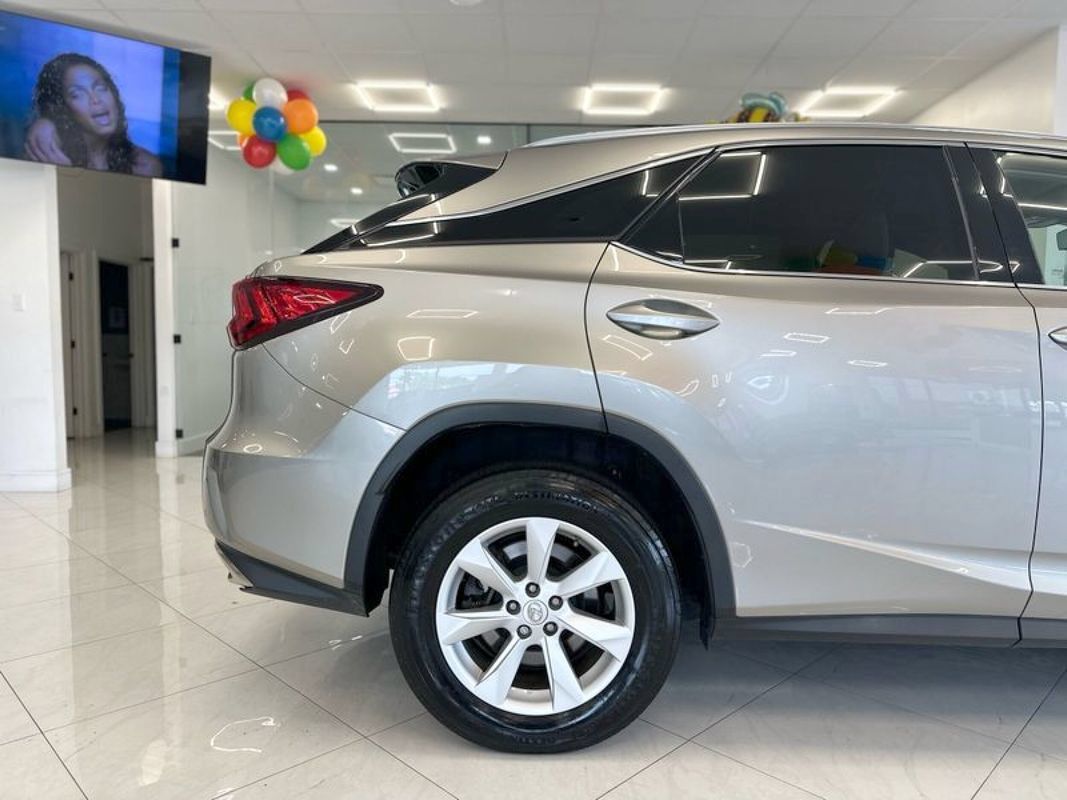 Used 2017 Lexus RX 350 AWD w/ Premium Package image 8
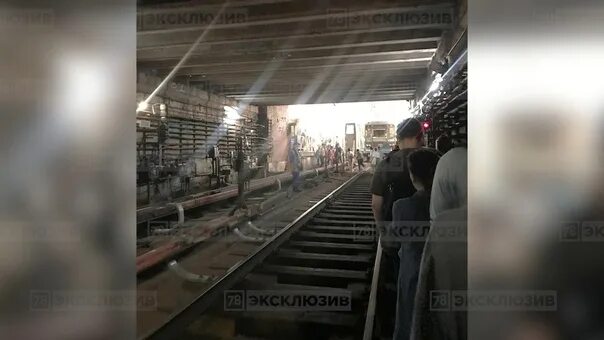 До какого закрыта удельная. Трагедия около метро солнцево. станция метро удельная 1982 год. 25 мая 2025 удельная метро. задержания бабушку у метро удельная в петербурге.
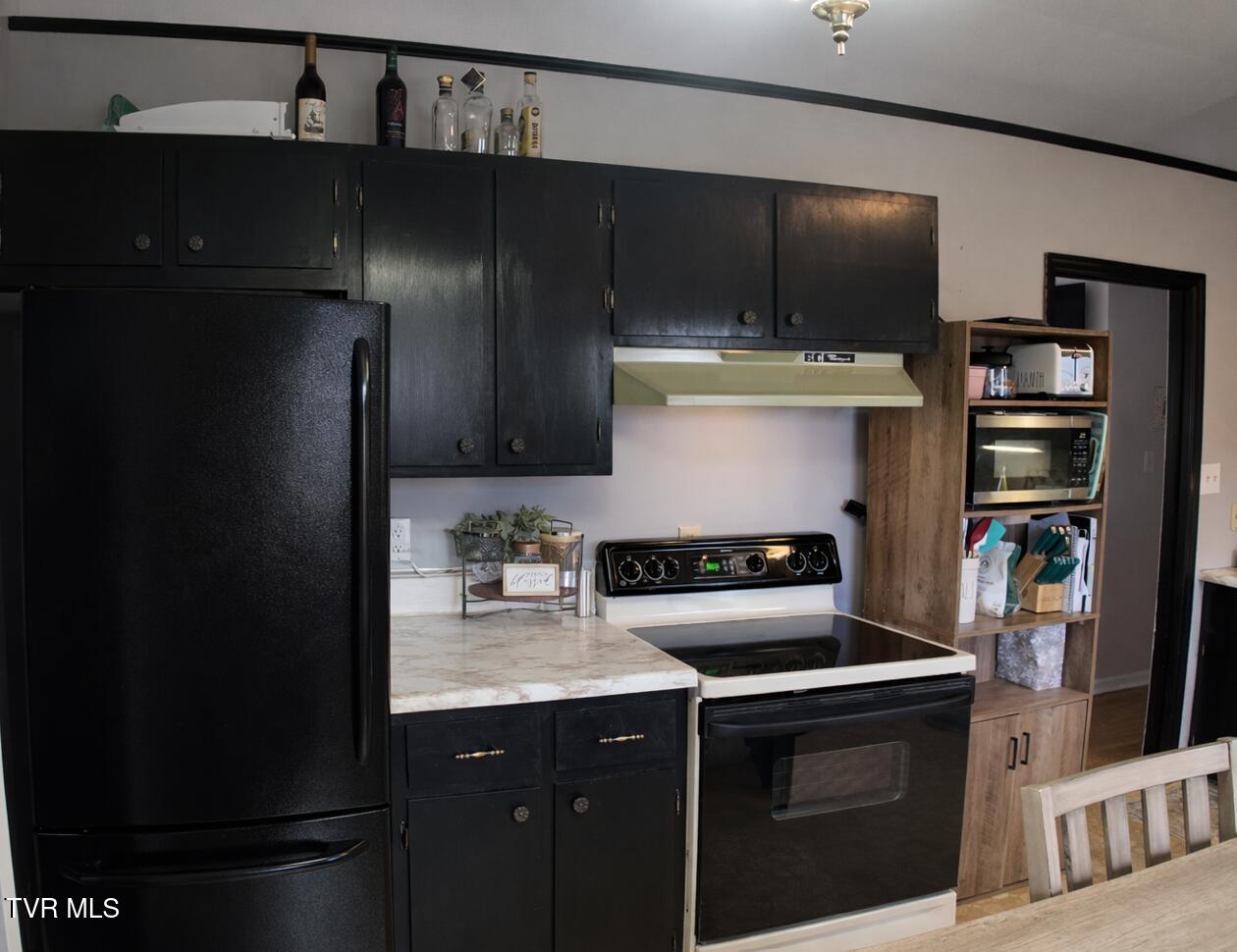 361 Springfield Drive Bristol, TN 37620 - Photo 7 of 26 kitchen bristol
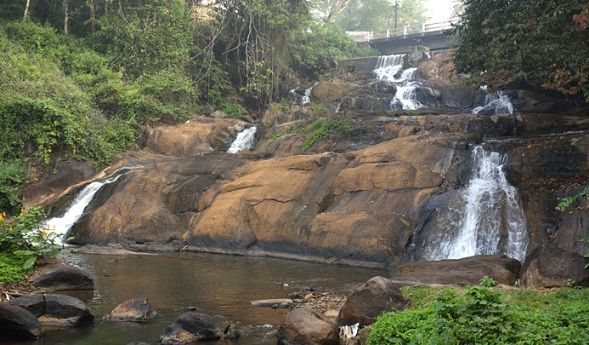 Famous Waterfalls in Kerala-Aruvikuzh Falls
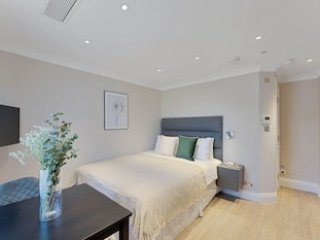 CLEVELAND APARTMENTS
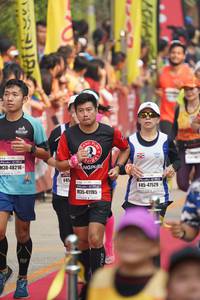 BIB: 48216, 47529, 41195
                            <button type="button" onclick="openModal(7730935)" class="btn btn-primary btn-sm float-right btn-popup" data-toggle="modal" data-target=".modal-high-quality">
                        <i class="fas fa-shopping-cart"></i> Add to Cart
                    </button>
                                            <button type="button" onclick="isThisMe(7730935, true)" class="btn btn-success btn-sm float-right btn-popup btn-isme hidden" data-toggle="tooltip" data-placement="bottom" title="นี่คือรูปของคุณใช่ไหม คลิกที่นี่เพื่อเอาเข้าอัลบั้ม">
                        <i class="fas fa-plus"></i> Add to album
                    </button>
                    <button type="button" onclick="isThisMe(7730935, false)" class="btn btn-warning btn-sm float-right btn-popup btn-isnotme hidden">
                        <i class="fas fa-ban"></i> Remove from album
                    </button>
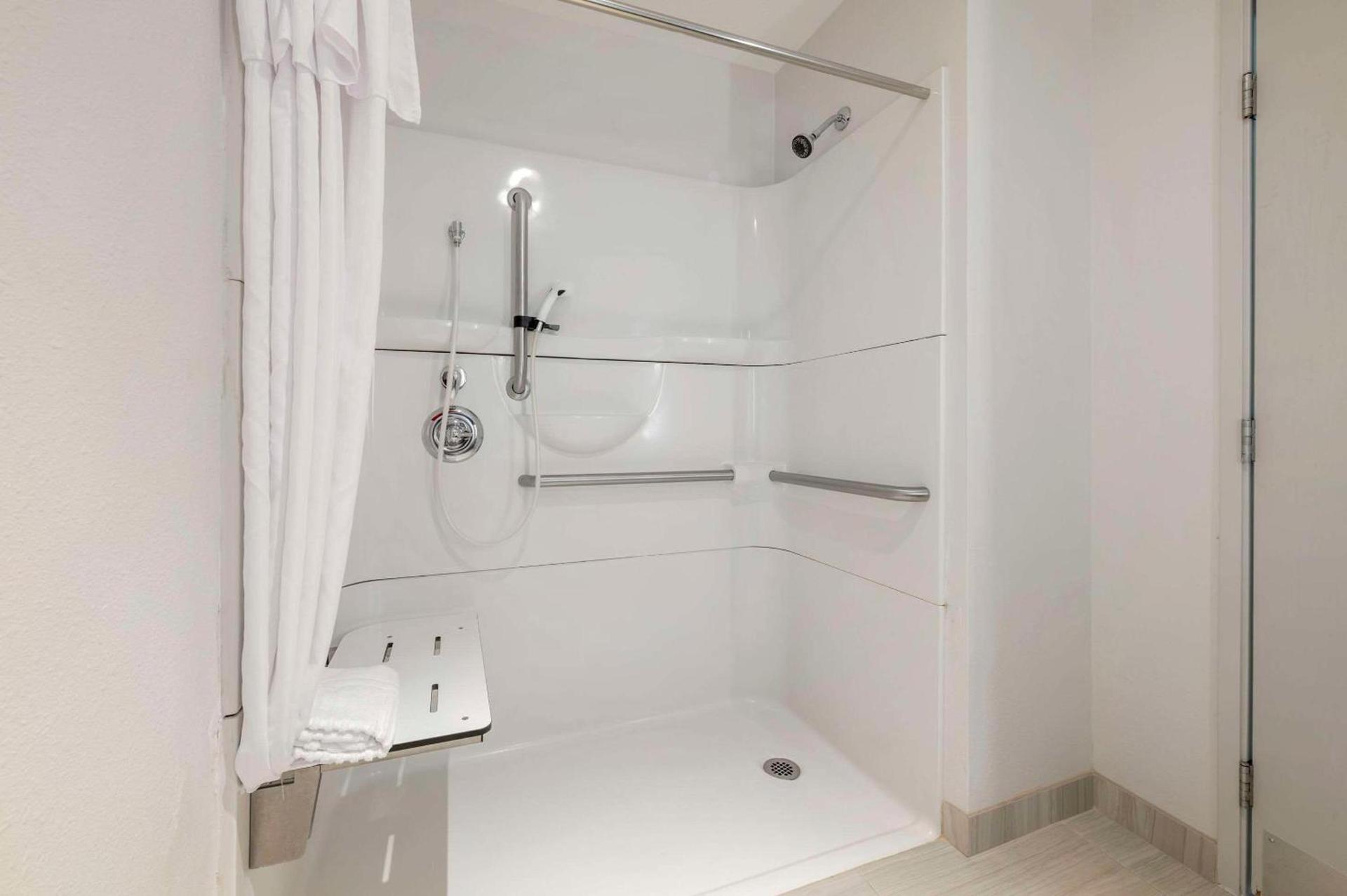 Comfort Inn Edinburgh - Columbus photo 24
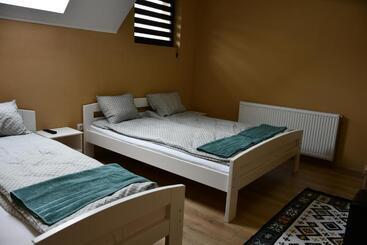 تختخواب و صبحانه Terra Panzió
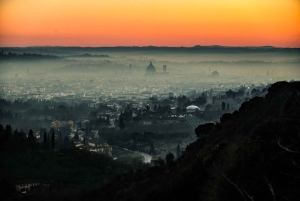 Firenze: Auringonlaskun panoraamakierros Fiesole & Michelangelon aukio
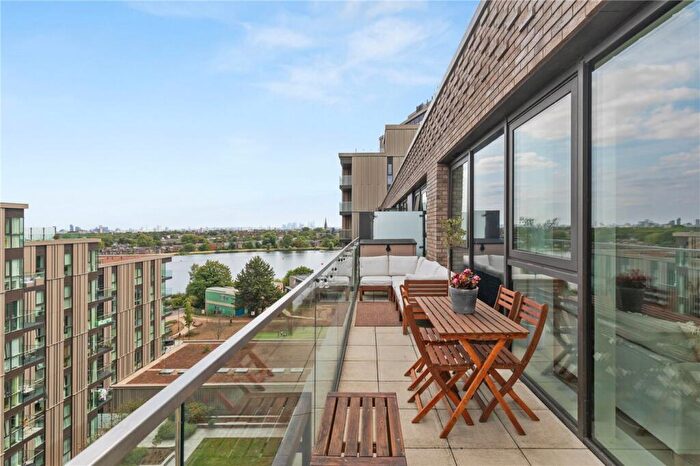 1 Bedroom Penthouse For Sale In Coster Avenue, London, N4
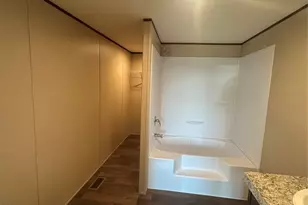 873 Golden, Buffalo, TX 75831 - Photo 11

-------------------------

Exercise:
Whatever else the listing above holds, retype exactly only the lines from the one containing "Add to Cart" to the one containing "btn-warning btn-sm float-right", both ends kept.

Response:
                        <i class="fas fa-shopping-cart"></i> Add to Cart
                    </button>
                                            <button type="button" onclick="isThisMe(7730935, true)" class="btn btn-success btn-sm float-right btn-popup btn-isme hidden" data-toggle="tooltip" data-placement="bottom" title="นี่คือรูปของคุณใช่ไหม คลิกที่นี่เพื่อเอาเข้าอัลบั้ม">
                        <i class="fas fa-plus"></i> Add to album
                    </button>
                    <button type="button" onclick="isThisMe(7730935, false)" class="btn btn-warning btn-sm float-right btn-popup btn-isnotme hidden">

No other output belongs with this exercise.